Students are not required to purchase these books; most of them can
be found in any public library. Both written work and oral
presentations related to the readings will be required. Students
will be required to complete three outside readings over the fall,
winter, and spring breaks and complete written work that will be due
on the first day we return from that break.
D. Advanced Placement Timed Essay(s)
Students will also be required to write a timed
essay within 40 minutes according to AP guidelines. Timed essay(s)

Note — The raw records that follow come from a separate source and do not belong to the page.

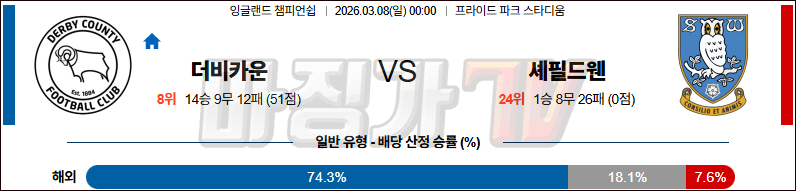 2026-03-08 잉글랜드 챔피언쉽 더비 카운티 셰필드 웬즈데이 해외축구분석 무료중계 스포츠분석 관련 이미지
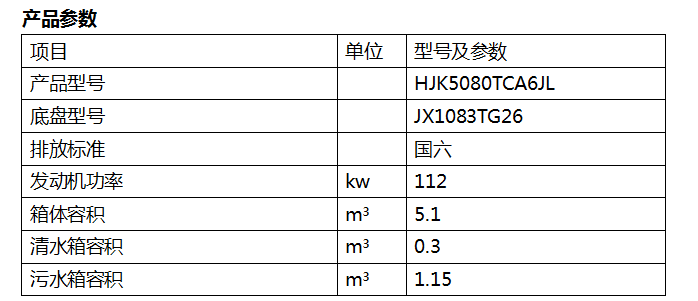8、HJK5080TCA6JL型餐廚垃圾車.png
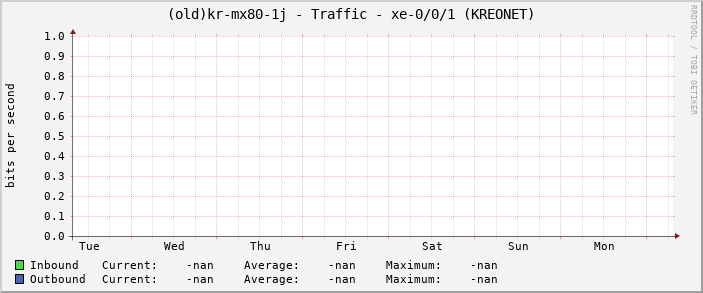 |host_description| - Traffic - |query_ifName| (|query_ifAlias|)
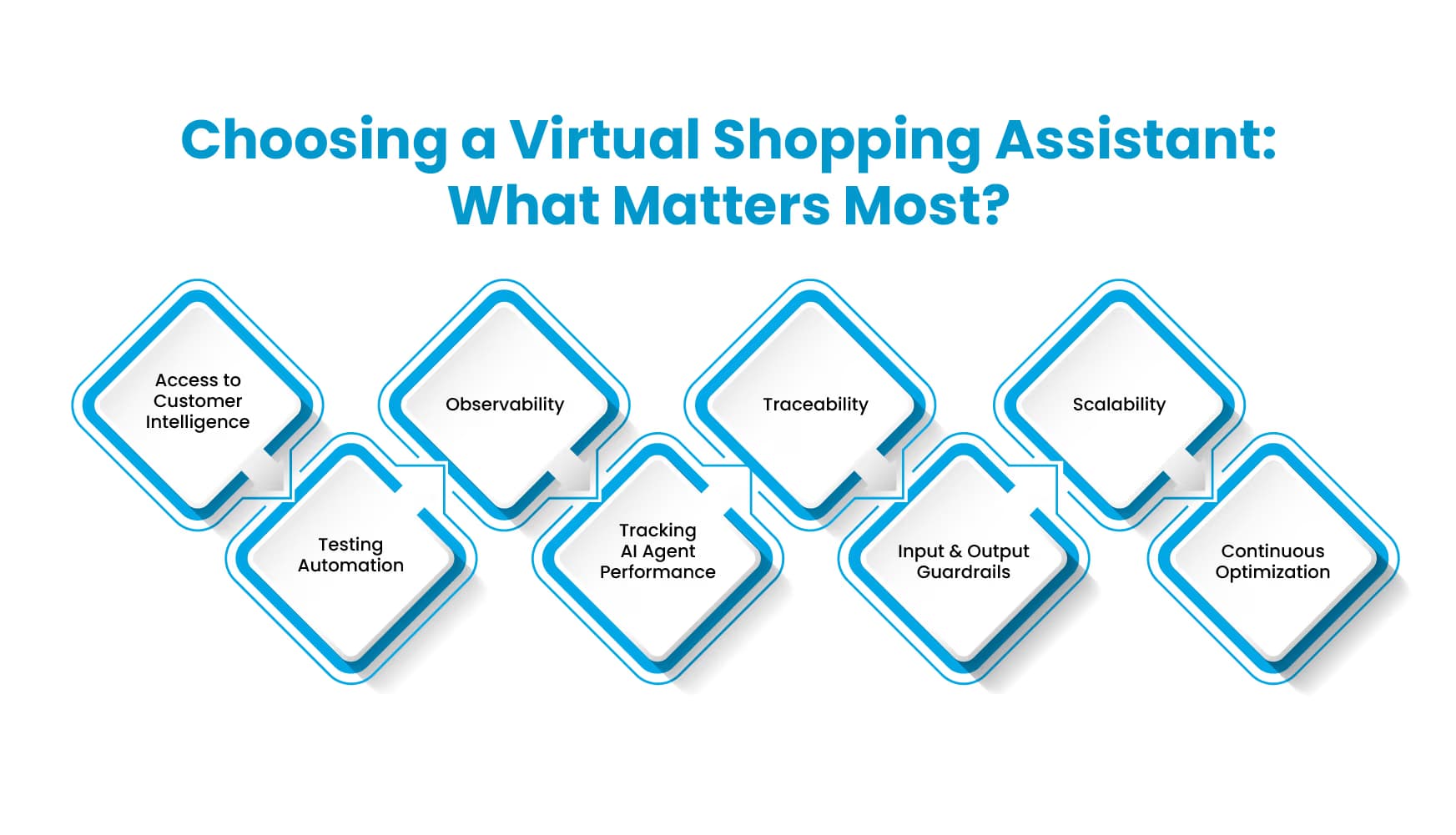 What Businesses Should Consider When Picking a Virtual Shopping Assistant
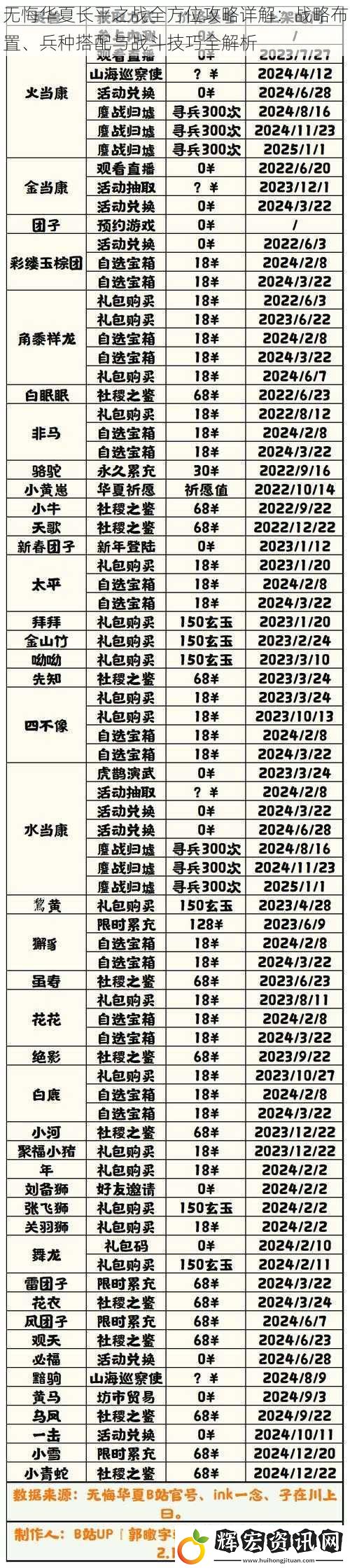 無悔華夏長(zhǎng)平之戰(zhàn)全方位攻略詳解：戰(zhàn)略布置、兵種搭配與戰(zhàn)斗技巧全解析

will be graded according to the AP rubric. Your signature on this
letter will indicate that you have read and understand all of these
attachments, and that you have approved your child’s chosen research
topic. Your support in your child’s academic performance is much
appreciated.
Policy for High School English Department
1. All assignments are due on the date
designated by the teacher. A grade of 75% or less will be assigned
for all unexcused late assignments. An assignment turned in on the
due date but after the class period is also considered late. Only a
hardcopy of the assignment will be accepted. No disks will be
accepted, and students will not be dismissed from class to print out
an assignment. This means that students should make prior
arrangements to avoid computer glitches if a word processing program
is used.
A student with an excused absence has one extra
day for each day absent to turn in missing assignments. Full credit
will be awarded for excused assignments turned in within the time
limit. Missing assignments or assignments turned in past the
deadlines will receive no credit.
2. Due dates for any assignment that encompasses a
week or longer are absolute. For sequential assignments, all parts
must be completed in order to receive any credit.

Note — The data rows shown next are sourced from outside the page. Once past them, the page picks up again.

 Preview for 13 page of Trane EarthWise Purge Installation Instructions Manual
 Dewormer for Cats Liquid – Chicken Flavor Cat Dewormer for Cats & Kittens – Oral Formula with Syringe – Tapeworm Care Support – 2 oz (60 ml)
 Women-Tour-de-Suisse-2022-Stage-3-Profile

3. Tests, quizzes, and any other make-up work may
only be completed on the day the teacher announces. Unless other
arrangements are made and agreed upon by your teacher, any work not
made up will receive a grade of zero.
4. It is your responsibility to turn in late work
and make arrangements
to make up any tests or quizzes. Your teacher will
not interrupt class to ask for late assignments or to schedule a
time for you to make up a test.
5. Students may not go to lockers to get
paper, writing utensils, texts, assignments or other materials
needed for class.
6. If an assignment is illegible due to
handwriting or color of ink, the paper will be
returned to the student ungraded and he or she
will have one day from the day the paper is returned to rewrite or
type the assignment and turn it in for full credit.
7. Each assignment completed must have the
student’s name, date that the work was turned in to the teacher, and
class period in the upper right-hand corner of the paper. Ten points
will be deducted from the assignment if any information is missing.
8. It is English Departmental policy to refer to
Intersession only those students who have exhibited consistent
effort throughout the nine weeks. Intersession will not be used to
remediate poor grades due to lack of effort or unexcused absences.